*WHAT YOU ARE ASKED TO DO*
Please repeat the records beneath this task exactly as they appear, but skip the images.

*INFORMATION PROVIDED*
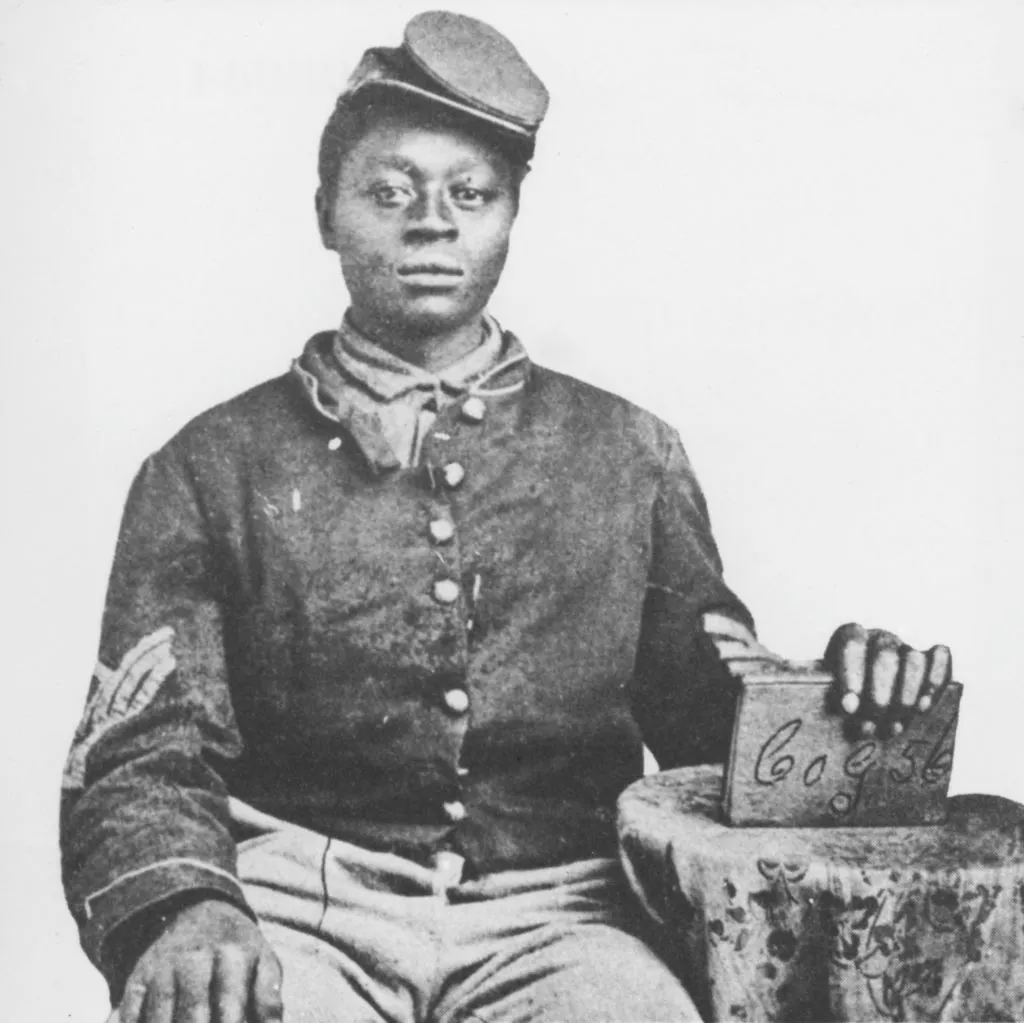 An African American Union soldier of the American Civil War, seated, in a studio portrait, circa 1863. Getty Images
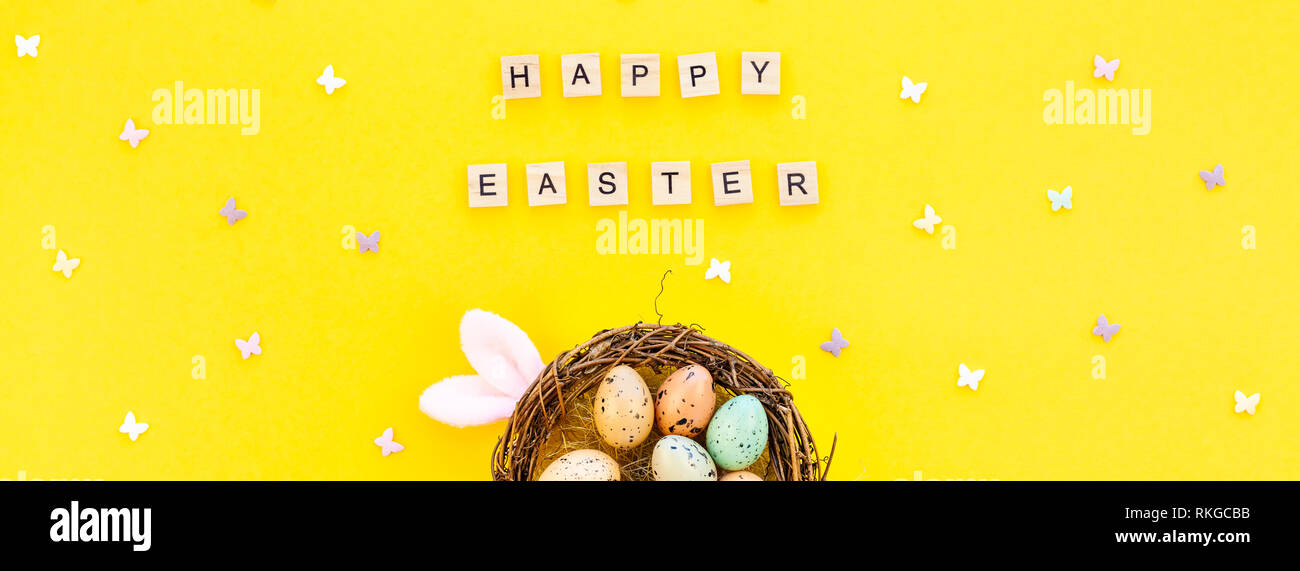 Creative Top view flat lay holiday composition Easter bunny ears eggs ...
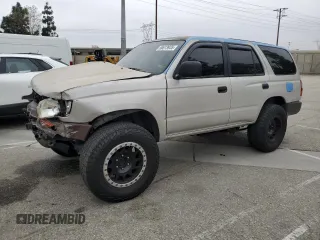 1998 Toyota 4Runner with VIN JT3GM84R9W0032842, listed as a Copart auction lot 50613935 with 266,141 mi miles and Salvage title. Bid and sale history available at DreamBid. Image 1.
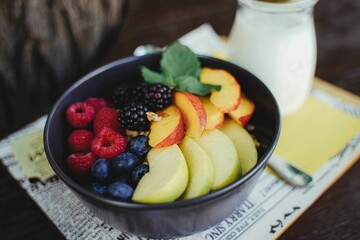 Closeup of different fresh fruits and various berries in a black bowl with a glass of milk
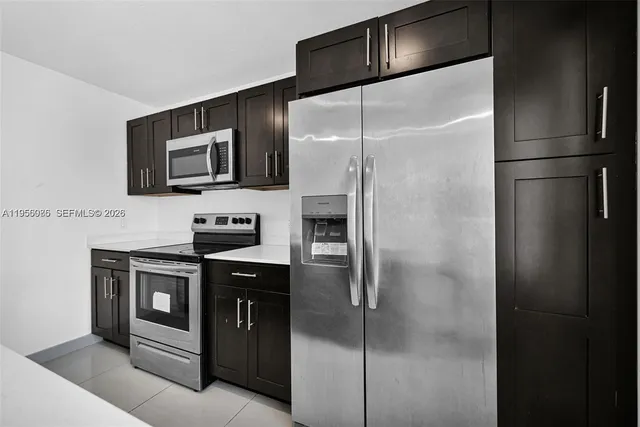 a kitchen with stainless steel appliances granite countertop a refrigerator and a stove top oven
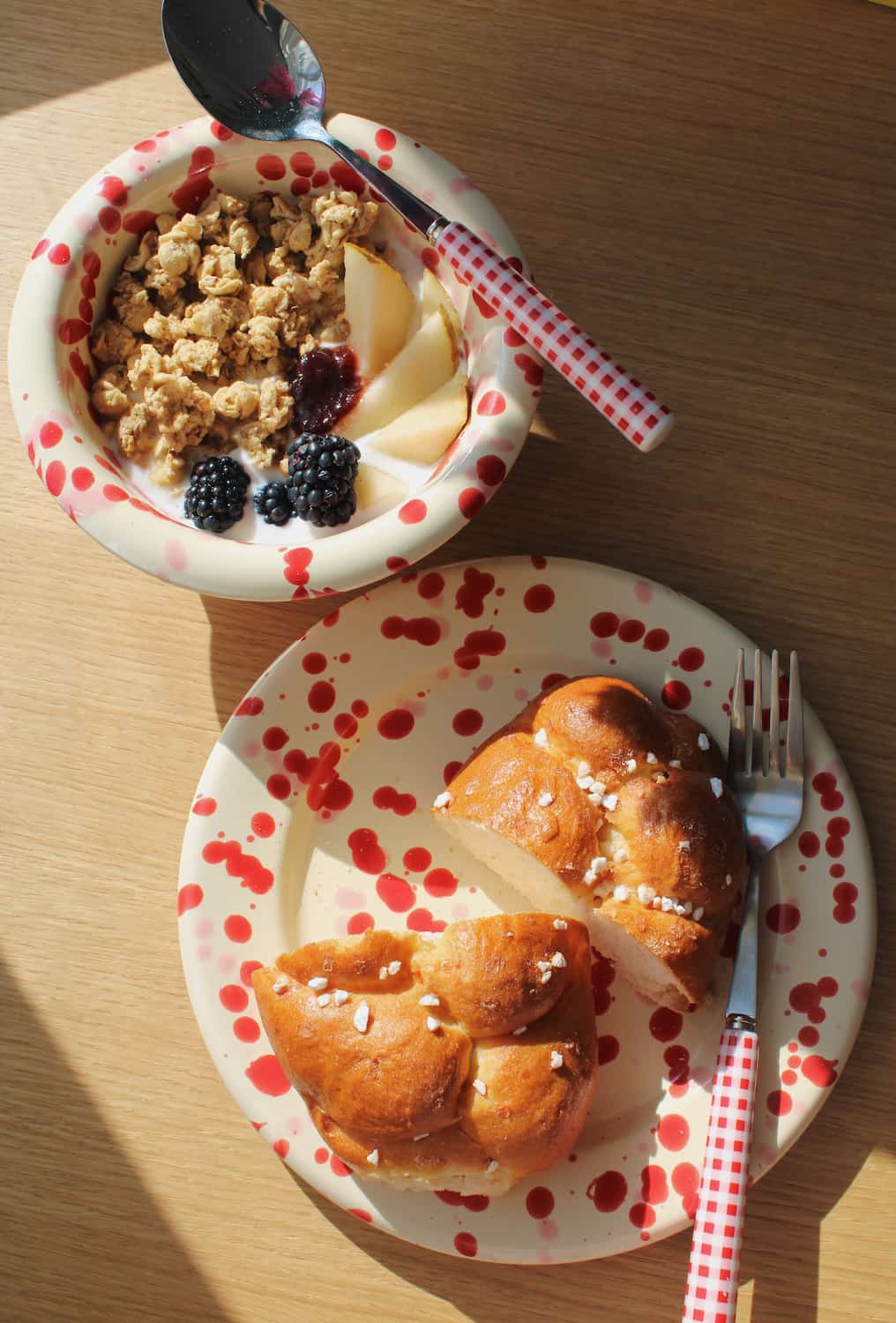 Two speckled ceramic bowls and plates on a wooden table, styled with breakfast food. One bowl contains granola with fruit and berries, and the other holds sliced bread with sea salt.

*TASK RESPONSE*
 An African American Union soldier of the American Civil War, seated, in a studio portrait, circa 1863. Getty Images
 Creative Top view flat lay holiday composition Easter bunny ears eggs ...
 1998 Toyota 4Runner with VIN JT3GM84R9W0032842, listed as a Copart auction lot 50613935 with 266,141 mi miles and Salvage title. Bid and sale history available at DreamBid. Image 1.
 Closeup of different fresh fruits and various berries in a black bowl with a glass of milk
 a kitchen with stainless steel appliances granite countertop a refrigerator and a stove top oven
 Two speckled ceramic bowls and plates on a wooden table, styled with breakfast food. One bowl contains granola with fruit and berries, and the other holds sliced bread with sea salt.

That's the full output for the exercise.